• Toxic situations people end up in from the book “Games People Play” by Eric Berne:
    • “If It Weren’t For You” (IWFY): In this game, one person (usually a wife in Berne’s traditional examples) complains about not being able to do things because of their partner. For example, a wife might say she could have been a great artist “if it weren’t for you” wanting her to stay home and raise kids. The payoff is that the complainer never has to test their skills or take risks while also blaming others for their unfulfilled life.
    • “Why Don’t You… Yes But” (YDYB): One person (the ‘victim’) presents a problem, others propose solutions, but the victim finds a flaw with each one. The payoff for the victim is a negative form of attention and the ability to control the conversation.
    • “Now I’ve Got You, You Son of a Bitch” (NIGYSOB): One person feels wronged or disadvantaged in a situation and waits for the opportunity to retaliate. When they believe they’ve caught the other person doing something wrong, they deliver the line, “Now I’ve got you, you SOB.” The payoff is the satisfaction of revenge.
    • “I’m Only Trying to Help You” (ITHY): One person, often in a superior position, offers advice or help to another, who doesn’t take it. The person trying to help may then feel unappreciated, but they receive a payoff in the form of moral superiority.
    • “Uproar”: A cycle of increasingly loud and aggressive behavior is used to avoid addressing a substantial issue or feeling. The uproar distracts from the real problem.
    • “Kick Me”: The ‘victim’ behaves in ways that invite criticism or negative attention and then plays the victim when they receive it. This validates their negative self-image.
    • “Look How Hard I’ve Tried”: One person makes an effort to solve a problem, but their solution is designed to fail. They get the payoff of showing that they’ve tried and the problem is unsolvable, so they can give up with a clear conscience.
    • “See What You Made Me Do” (SWYMD): The ‘victim’ performs an action resulting in a negative outcome, which they blame on the person who supposedly ‘made’ them do it.

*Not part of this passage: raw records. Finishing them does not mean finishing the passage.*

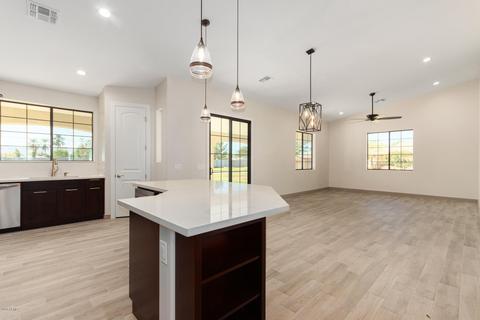 925 W Gregory Rd, Phoenix, AZ 85041 photo 8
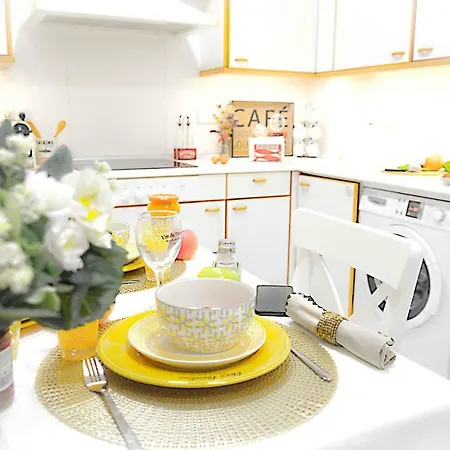 Апартаменты Apartamento Luxury In Center Garaje Free Бильбао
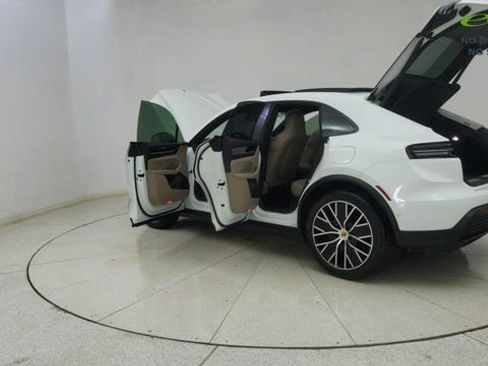 Used 2025 Porsche Macan Electric RWD image 76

This allows them to evade responsibility for their actions.
    • “Ain’t It Awful” (AIA): The player complains incessantly about the terrible state of the world, but rejects any suggestions to make it or their situation better. The payoff is sympathy and permission to do nothing since everything is so awful.
    • “Blemish”: The player points out minor flaws or errors in others to draw attention away from their own inadequacies. The payoff is a temporary boost to self-esteem.
    • “Schlemiel”: Named after the Yiddish term for a clumsy person, in this game the player repeatedly makes minor social blunders and apologizes for them, forcing others to repeatedly forgive them. The payoff is the attention and forgiveness of others.
    • “Wooden Leg”: The player uses a personal handicap or weakness as an excuse to avoid certain responsibilities. The handicap becomes a ‘wooden leg’ they can blame for their failures or lack of action.
    • “Rapo”: In this game, one person makes provocative sexual advances, and when the other person responds, they act as if they’ve been violated. The payoff is feeling morally superior and making the other person feel guilty.
    • “Courtroom”: The player seeks to constantly put others on trial for their perceived wrongdoings, casting themselves in the role of judge and jury. The payoff is a sense of righteousness and control.
    • “Harried”: In this game, the player constantly keeps themselves busy and complains about how harried they are. They use this as an excuse to avoid other tasks or responsibilities. The payoff is avoiding tasks and eliciting sympathy from others.
    • “Sweetheart”: The player uses excessive charm and flattery to manipulate others and get their way. When the other person starts to expect more from the relationship, they move on to the next person. The payoff is getting what they want without having to make a commitment.
    • “Peasant”: The player works diligently but always remains in the same low position, blaming others for their lack of advancement. The payoff is they never have to take on the responsibilities that come with a higher position.
    • “Cops and Robbers”: The player breaks minor rules and enjoys the thrill of potentially being caught. The payoff is the thrill and potential attention from getting caught.